One of those (or maybe 2) will probably be where the maximum would occur.

Answer 12

Yes, that's what gets me

Answer 13

But it is a sine wave and F"(x) would be cos x

Answer 14

Right

Answer 15

ok bc im confusedd

Answer 16

I would think if we consider it as sinx then it would be clear, but I'm not sure, been too long since I've done calc 1 haha.

Answer 17

Well from 0 to 90 cos x would go from 1 to 0
from 90 to180 cos x would go to 0 to -1
from 180 to 270 cos x goes from -1 to 0
from 270 to 360 cos x goes from 0 to 1

So the maximum positive is at 0, and 360
Now am I to conclude that the max occurs at 180 degrees which would be point x =1 on the graph, still confused and pondering.

Answer 18

That would be the point where Cos x is negative with a -1...........

Answer 19

hmm ok thanks for helping :)

Answer 20

Sorry chris that I am not to confident with this, it has been a long time ago.
Good luck with your studies.

Answer 21

Thats alright I'll just ask my teacher :)

Answer 22

Yes, that is what they are for to help.

Answer 23

that graph of \(f'(x)\) looks like a graph of \(y = 2\sin \pi x\)

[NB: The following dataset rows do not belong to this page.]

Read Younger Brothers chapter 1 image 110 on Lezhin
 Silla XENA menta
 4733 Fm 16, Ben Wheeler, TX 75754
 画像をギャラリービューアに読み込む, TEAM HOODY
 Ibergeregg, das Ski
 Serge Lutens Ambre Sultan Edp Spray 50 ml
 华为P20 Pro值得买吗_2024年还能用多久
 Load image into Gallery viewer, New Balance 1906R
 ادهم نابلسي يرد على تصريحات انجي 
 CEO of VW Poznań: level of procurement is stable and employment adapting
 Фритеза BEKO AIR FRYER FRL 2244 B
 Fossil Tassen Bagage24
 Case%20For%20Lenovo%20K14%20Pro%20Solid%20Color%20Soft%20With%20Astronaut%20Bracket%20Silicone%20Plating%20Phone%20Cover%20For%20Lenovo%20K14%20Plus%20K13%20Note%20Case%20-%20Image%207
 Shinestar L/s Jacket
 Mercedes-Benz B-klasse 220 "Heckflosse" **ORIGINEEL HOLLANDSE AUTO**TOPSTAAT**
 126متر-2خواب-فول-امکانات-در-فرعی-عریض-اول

but \(2 \sin \pi x\) is the derivative of \[y=-\frac{2}{\pi}\cos \pi x\]which has a maximum of \[y=\frac{2}{\pi}\] at \(x=1\) where \(\cos \pi x = -1\)

we know that at a maximum or minimum, the derivative is equal to 0. If you think of a ball thrown up in the air, the derivative of the height is positive while the ball travels upward, becomes 0 at the moment the ball is at the apex of he flight, and then becomes negative as the ball starts down to the ground.

Answer 24

because the derivative changes from being positive to negative at x=1, that means we have changed from going up to going down, and the point in between was a local maximum. if you look at the graph at x = 2, there you see that the graph of the derivative goes from negative to positive, and indeed, x = 2 is a point where \[y=-\frac{2}{\pi}\cos \pi x\]has a minimum.

I encourage you to plot that function and see for yourself!

Answer 25

http://www.wolframalpha.com/input/?i=plot%20%202%20sin%20%CF%80x%2c%20-2%2f%CF%80%20cos%20%CF%80x%20from%20x%20%3d0%20to%20x%20%3d2.2

if you are only willing to click on a link